Christian Jaccard

Les œuvres

Boîte carton graphite contenant 24 outils graphités
1977
10 x 24 x 36 cm
Assemblage de produits végétaux et minéraux

Christian Jaccard, artiste qui a toujours travaillé avec le feu comme facteur créatif, nous montre dans cette œuvre des mèches sur le point d’être utilisées.
Cette œuvre doit être mise en relation avec une autre œuvre de Jaccard de la collection, la ‘Pièce blanche calcinée’. La lecture du commentaire qui l’accompagne peut compléter les informations dont le spectateur a besoin.
Il s’agit d’une œuvre monochrome avec la couleur sombre du charbon et sa texture visuelle.
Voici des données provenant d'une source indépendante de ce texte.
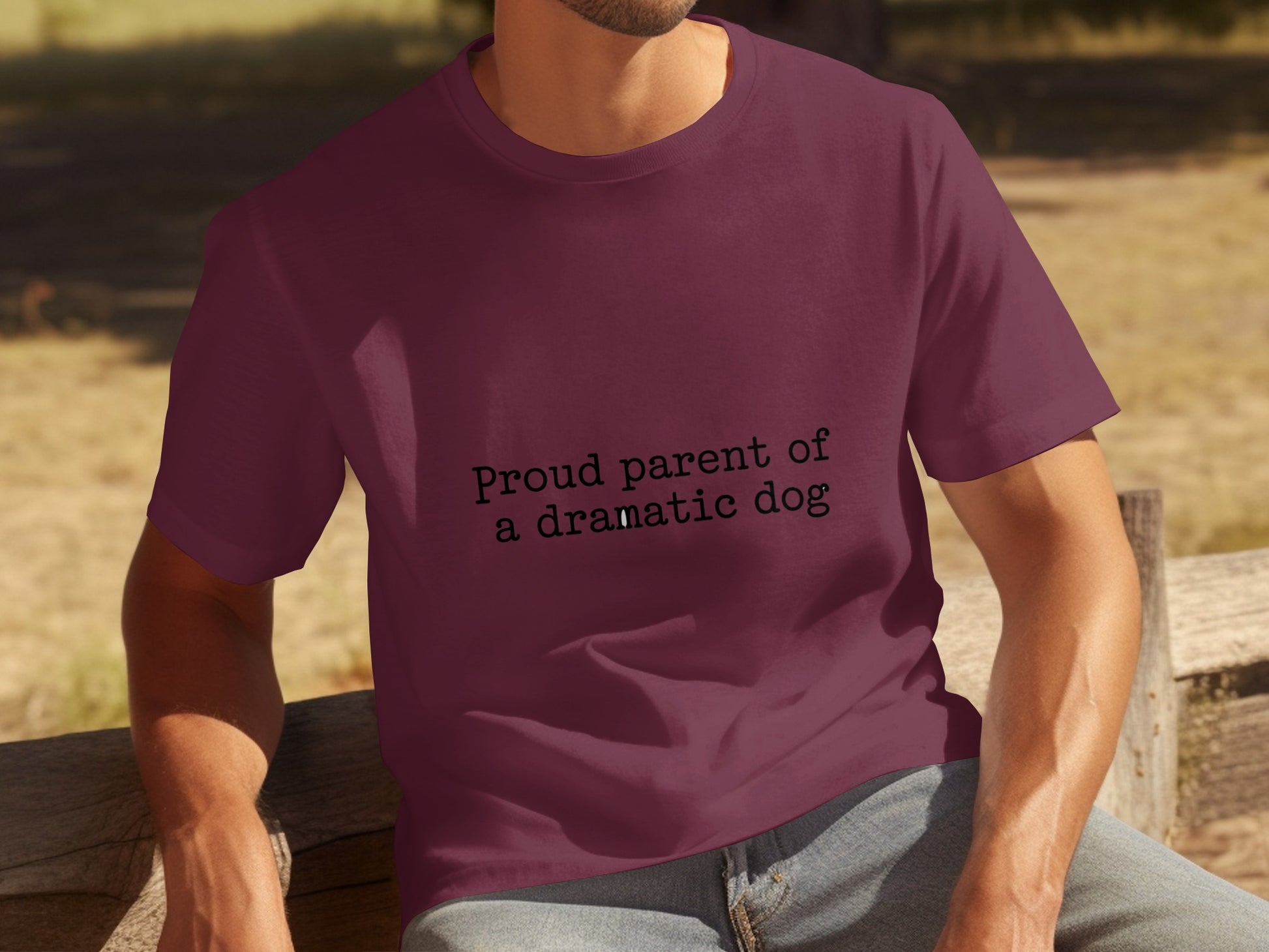 Proud Parent of a Dramatic Dog Graphic T-shirt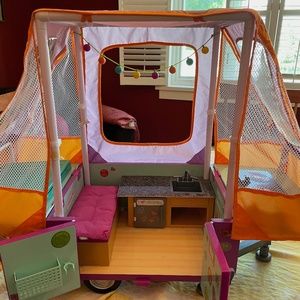 Vintage/No longer made American Girl Doll Pop Up Camper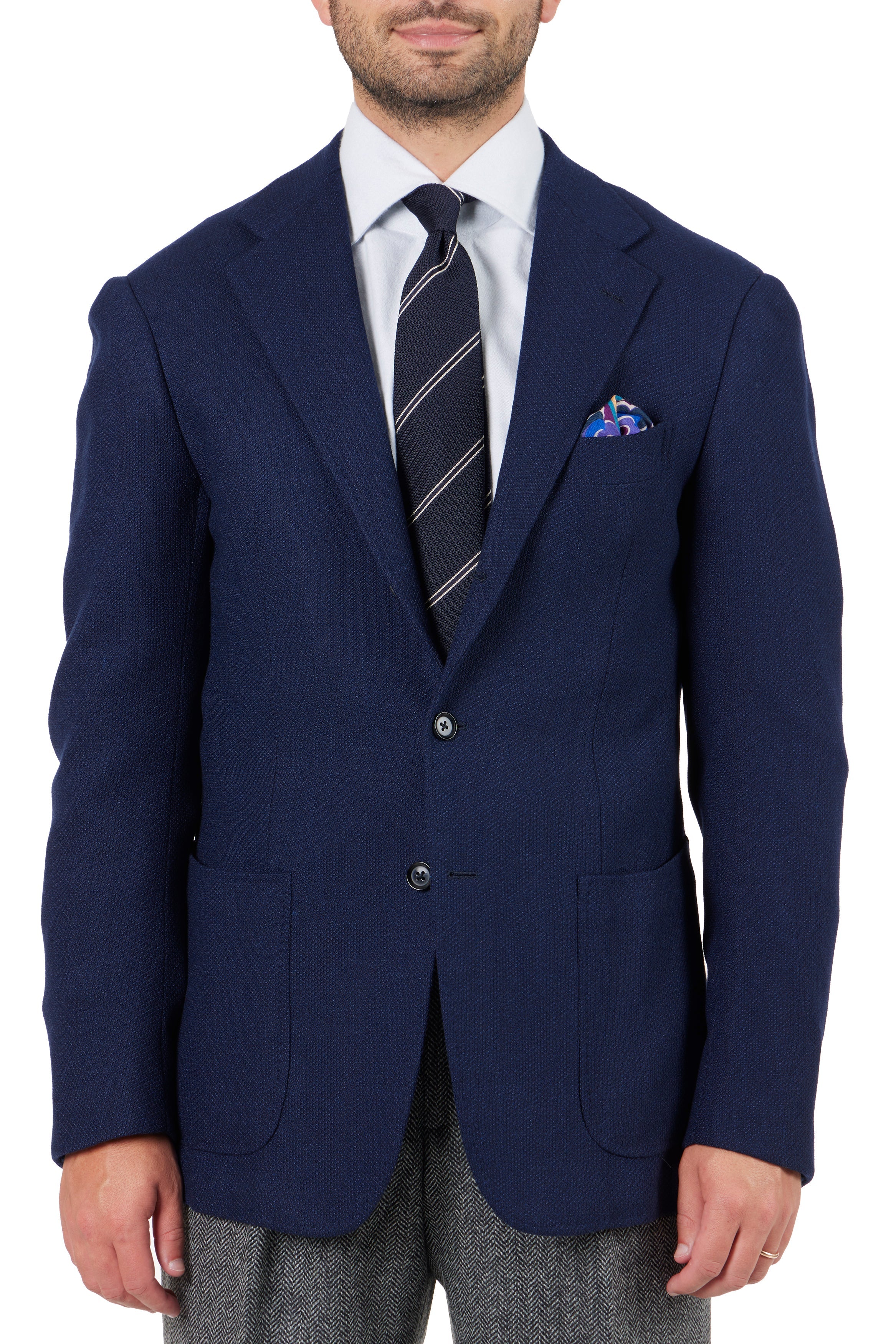 The Armoury Model 3 Heritage Blue RE053F24X Zegna Wool Sport Coat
Il s’agit d’un ensemble formé d’une petite boîte en carton, à l’intérieur de laquelle se trouve un groupe de mèches. Le tout a été traité au graphite, un minéral composé presque entièrement de carbone. Ces mèches font partie des outils combustibles que Jaccard utilise souvent dans ses œuvres ; elles sont à lui ce qu’une boîte de pinceaux est à un peintre. Elles sont disposées de manière à pouvoir être allumées, mais elles sont immobilisées car elles ont été attachées les unes aux autres.

Pièce blanche calcinée
1984
287 x 190 cm
Combustion sur toile sans châssis

Jaccard a disposé des mèches faites de matériaux combustibles sur une grande toile blanche sans châssis, tendue sur le sol et convenablement préparée. Il les a allumées et ce que nous pouvons contempler sont les formes abstraites des traces et des effets du feu qui, aujourd’hui encore, 40 ans après la réalisation de l’œuvre, conservent à courte distance l’odeur caractéristique de la poudre.
Les formes créées par le feu étaient en grande partie imprévisibles, l’un des objectifs de la réalisation de l’œuvre étant justement l’intervention du hasard.

L’artiste

(Fontenay-sous-Bois, France, 1939)

Le feu, source de lumière et de chaleur, destructeur et créateur à la fois, a été l’un des grands thèmes de la tradition religieuse, poétique et artistique.
Jaccard n’utilise pas le feu comme une destruction chaotique, mais comme un outil contrôlé, gestuel, que l’on pourrait qualifier de calligraphique. Le geste technique, le processus de préparation et l’empreinte finale sont aussi importants que le résultat de l’œuvre. Dans ses expérimentations, il a utilisé non seulement du tissu, mais aussi du bois, du papier et des tissus.
Une autre facette de sa création est son travail avec des nœuds et des ligatures pour immobiliser des objets et des surfaces à l’aide de ficelles ou de cordes de différentes formes, dans une œuvre qui fait référence à la mémoire et à l’inévitable changement.